+++ Entries supplied +++
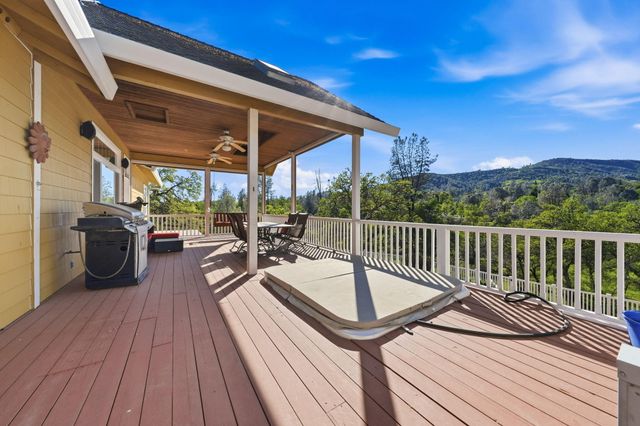 15725 Horseless Carriage Drive, Redding, CA 96001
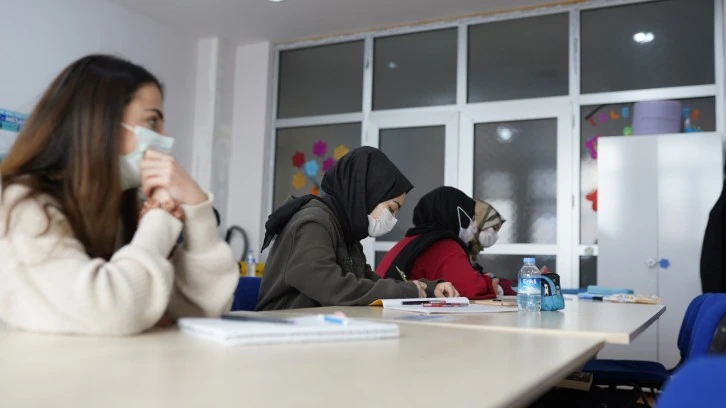 Bursa Yıldırım Belediyesi'nden üniversite adaylarına deneme sınavı 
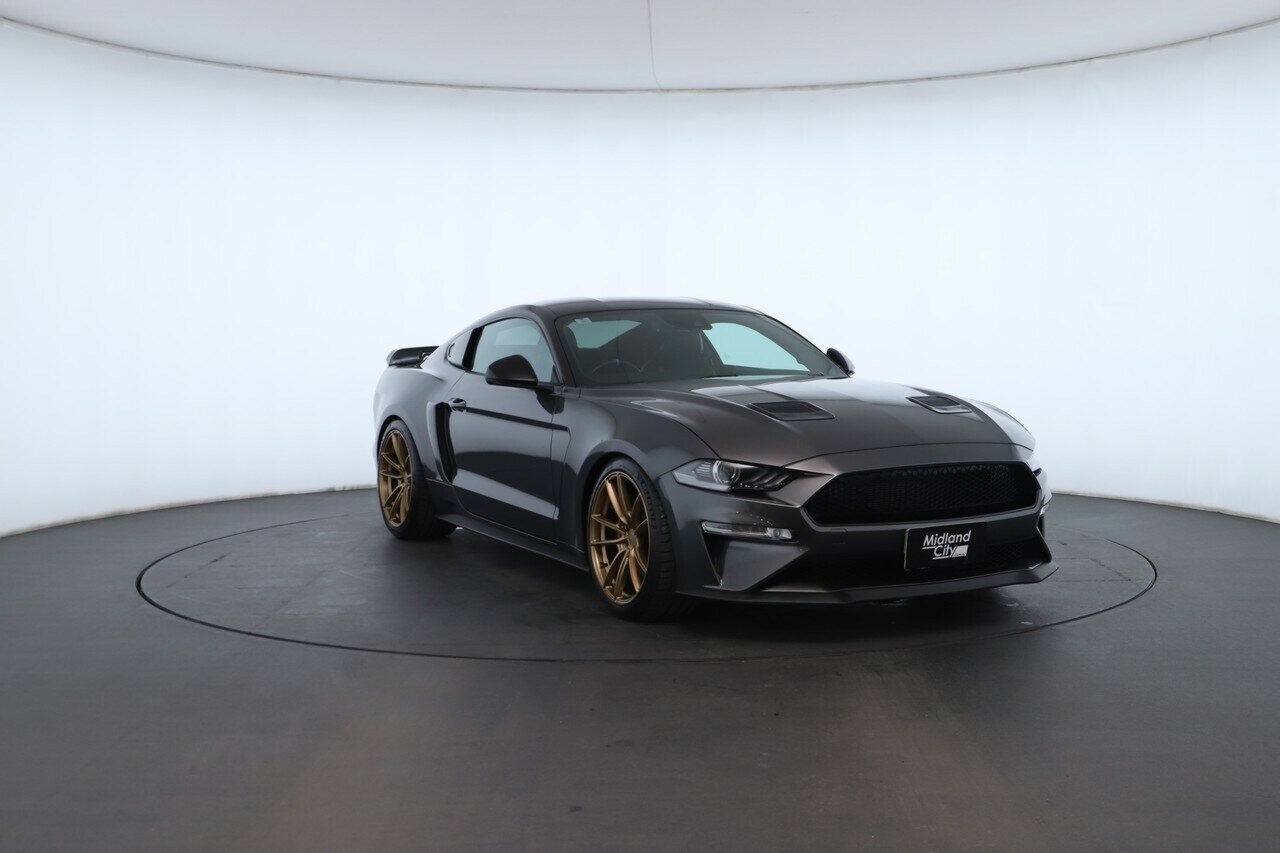 Ford Mustang image 4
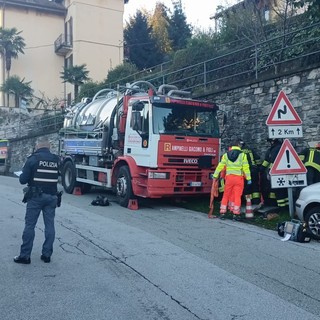 Incidente mortale: l'uomo avrebbe tentato di fermare il camion per evitare altre auto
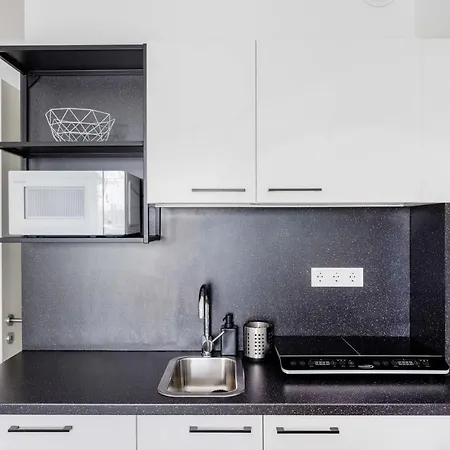 Modern Riverside With Free Parking *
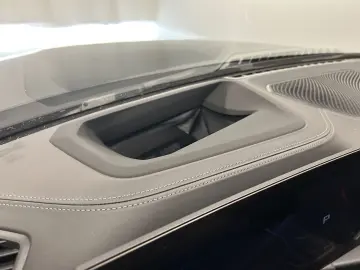 BMW M4 Competition M xDrive Cabrio Harman Kardon DAB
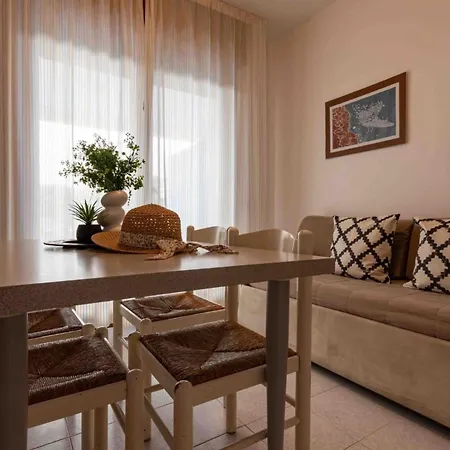 Modern Flat 300 Mt From The 비비오네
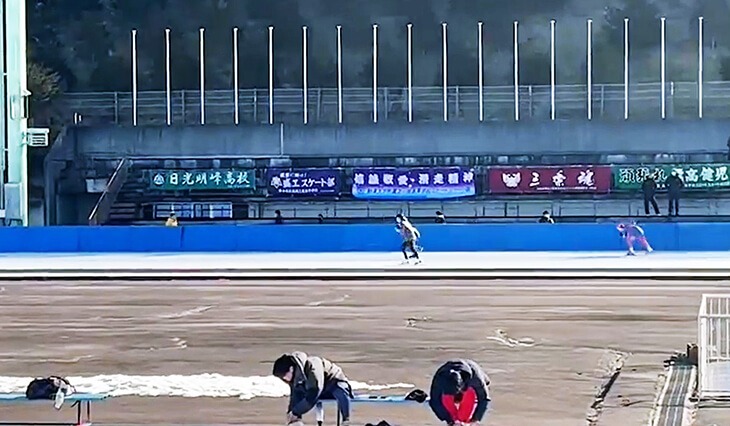 選手名や学校名が入った横断幕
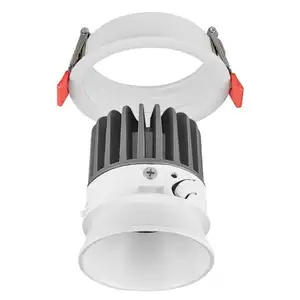 嵌入式安装单头更换方形圆形金属吸顶灯盖Cob发光二极管筒灯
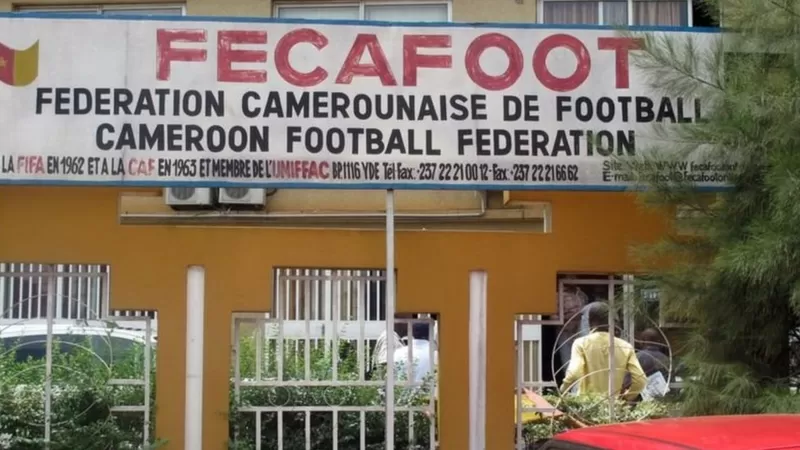 Image de Football. Le conflit dans le monde du football camerounais atteint de nouveaux sommets, cette fois avec la confrontation entre la Ligue de Football Professionnel du Cameroun (LFPC) et le Conseil Transitoire du Football Professionnel (CTFP). Le CTFP a récemment invité tous les clubs du championnat professionnel à boycotter une réunion convoquée par le président de la LFPC, le général Pierre Semengue. Le CTFP soutient que la LFPC a été dissoute et n'a plus l'autorité nécessaire pour tenir de telles réunions. Quelle est votre analyse de ce conflit ?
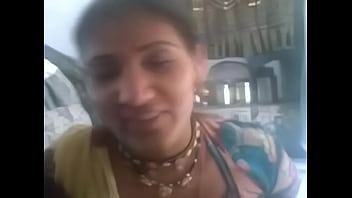 Gadis Rajsthani Yang Menggoda Dengan Gerakan Pinggulnya Yang Memukau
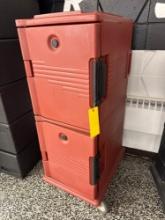 Cambro insulated transport food cart on wheels cafeteria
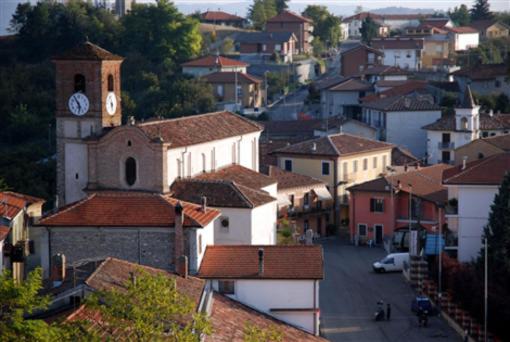 Albaretto Della Torre にあるAlbergo Dei Bersaglieriの小時計塔のある町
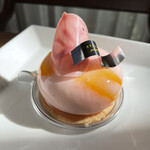 ラトリエヒロワキサカ - パルファンローズ540円。ピンクでトップのチョコの透け感がエロカワ。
+++
Task goal —
Where the line containing "Albaretto Della Torre" appears in the entries above, start there and set down every line exactly through the last one, inclusive; omit pictures.

Solution for this problem —
 Albaretto Della Torre にあるAlbergo Dei Bersaglieriの小時計塔のある町
 ラトリエヒロワキサカ - パルファンローズ540円。ピンクでトップのチョコの透け感がエロカワ。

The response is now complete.